PicturePicture by ronymichaud via Pixabay
Lies of Reputation: Welfare and the Need for Esteem
By Heath Shive


In 2006, two researchers named Cesar Martinelli and Susan W. Parker published a study on the Mexican welfare program Opportunidades. 

Martinelli and Parker analyzed data from more than one hundred thousand applicants (about 10% of the applicants in the year 2002).

Not surprising, some of the applicants lied. 

What is surprising is how they lied and why.   

And it will either move your heart to disdain or pity…or both.

Those Damn Cheaters

The Opportunidades program has a cash benefit that is equal to about 25% of the average applicant’s annual expenditures.  There’s an obvious economic incentive for people to be on this program…and also incentive to lie to get on the program.

Applicants had to answer questions about the amount of property they owned and the quality of their home.  Many people lied about certain “luxury” items they had.

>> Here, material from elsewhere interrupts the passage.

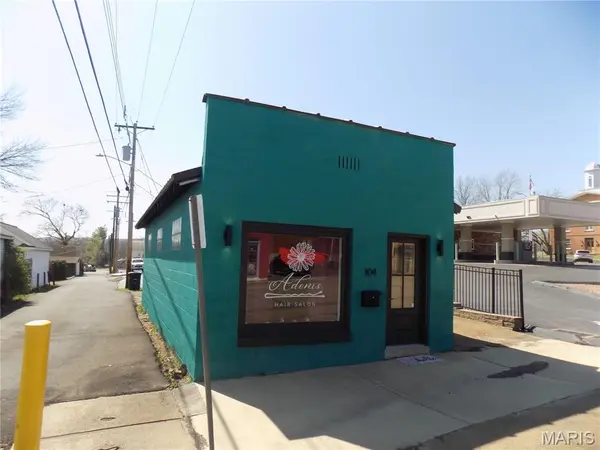 104 E Wayne ST, Ironton, MO 63650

For example, 83% of the applicants who had cars lied and said that they didn’t have cars.  Also, 73% of the applicants who owned a phone said they didn’t.

They obviously were lying on the questionnaire.  They wanted to look poorer in order to receive the benefits.

But some applicants lied in a more heart-wrenching way.

Those Poor People

Some people lied to look poorer than they actually were. 

But some applicants lied to save their reputation - they lied about how badly off they were! 

Of the applicants who claimed to have a toilet in the house, 39% didn’t have a toilet at all!

Also, 32% of the applicants lied and claimed to have ordinary tap water – when they didn’t have tap water at all!

Some applicants were much worse off than they pretended to be.  They were lying to save face during the interviews. 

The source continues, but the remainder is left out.